Une politique de la langue. La Révolution française et les patois : l'enquête de Grégoire

Michel de Certeau, Dominique Julia et Jacques Revel, Gallimard, rééd. 2002, 472 p., 9 €.

Voici une occasion de prendre la mesure de ce que peut apporter le livre de poche : mettre à la portée de tous les porte-monnaie une oeuvre singulière, érudite et forte. Il s'agit dans le cas présent de la réédition d'un ouvrage de cet inclassable que fut Michel de Certeau, disparu il y a dix-sept ans, et qui publiait en 1975 Une politique de la langue, avec Dominique Julia et Jacques Revel (qui signent ici une postface inédite).

Le 16 prairial an II (1794), est présenté à la Convention le Rapport sur la nécessité et les moyens d'anéantir les patois et d'universaliser l'usage de la langue française, rédigé par l'abbé Grégoire. On y lit notamment : « On peut uniformiser le langage d'une grande nation, de manière que tous les citoyens qui la composent puissent sans obstacle se communiquer leurs pensées.
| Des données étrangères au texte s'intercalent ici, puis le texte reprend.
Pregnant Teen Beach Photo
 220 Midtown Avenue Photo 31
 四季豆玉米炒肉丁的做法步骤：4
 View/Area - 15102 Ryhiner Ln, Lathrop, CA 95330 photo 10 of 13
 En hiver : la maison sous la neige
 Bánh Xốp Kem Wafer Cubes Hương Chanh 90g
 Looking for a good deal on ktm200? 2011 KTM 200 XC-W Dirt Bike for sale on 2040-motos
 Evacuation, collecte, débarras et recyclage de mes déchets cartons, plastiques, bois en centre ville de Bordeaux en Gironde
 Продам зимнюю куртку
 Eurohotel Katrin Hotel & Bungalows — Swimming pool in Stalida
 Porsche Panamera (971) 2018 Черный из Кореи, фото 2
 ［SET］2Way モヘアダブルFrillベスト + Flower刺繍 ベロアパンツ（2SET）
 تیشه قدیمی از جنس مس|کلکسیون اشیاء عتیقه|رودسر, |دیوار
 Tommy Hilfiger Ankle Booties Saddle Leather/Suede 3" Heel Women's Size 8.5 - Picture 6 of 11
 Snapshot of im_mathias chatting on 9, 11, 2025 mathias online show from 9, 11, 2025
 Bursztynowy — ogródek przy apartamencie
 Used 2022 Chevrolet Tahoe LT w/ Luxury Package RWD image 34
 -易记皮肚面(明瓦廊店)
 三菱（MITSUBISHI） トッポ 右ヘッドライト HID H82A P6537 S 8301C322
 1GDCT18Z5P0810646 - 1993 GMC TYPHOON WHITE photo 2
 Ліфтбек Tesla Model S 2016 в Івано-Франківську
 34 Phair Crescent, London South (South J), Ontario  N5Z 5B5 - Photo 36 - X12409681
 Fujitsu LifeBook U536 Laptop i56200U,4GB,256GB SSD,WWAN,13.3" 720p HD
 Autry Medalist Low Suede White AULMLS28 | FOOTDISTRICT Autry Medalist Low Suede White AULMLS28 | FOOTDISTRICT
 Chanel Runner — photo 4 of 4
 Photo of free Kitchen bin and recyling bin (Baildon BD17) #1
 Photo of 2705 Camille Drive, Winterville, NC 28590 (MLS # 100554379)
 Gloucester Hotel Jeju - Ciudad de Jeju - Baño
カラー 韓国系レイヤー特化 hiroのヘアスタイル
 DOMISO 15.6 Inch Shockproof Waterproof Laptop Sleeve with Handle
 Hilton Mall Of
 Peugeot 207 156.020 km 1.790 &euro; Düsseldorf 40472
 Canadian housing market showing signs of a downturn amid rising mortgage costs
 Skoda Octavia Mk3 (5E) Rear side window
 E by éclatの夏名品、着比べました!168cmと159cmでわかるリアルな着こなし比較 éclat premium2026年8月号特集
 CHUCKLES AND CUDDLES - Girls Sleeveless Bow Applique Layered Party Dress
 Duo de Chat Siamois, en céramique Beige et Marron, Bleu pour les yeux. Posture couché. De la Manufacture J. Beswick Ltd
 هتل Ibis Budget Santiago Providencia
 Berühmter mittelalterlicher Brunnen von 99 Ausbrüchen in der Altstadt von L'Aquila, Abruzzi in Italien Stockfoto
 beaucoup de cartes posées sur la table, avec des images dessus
Cette entreprise, qui ne fut pleinement exécutée chez aucun peuple, est digne du peuple français. » Ce texte s'inscrit dans une politique, fortement encouragée à la Révolution, qui vise à faire du français la langue de tous les Français. Même si la langue officielle est fixée depuis 1539, et même s'il faut attendre les grandes lois scolaires de la IIIe République pour qu'aboutisse le programme d'éradication des dialectes, c'est bien à la Révolution qu'une politique offensive de la langue est affirmée.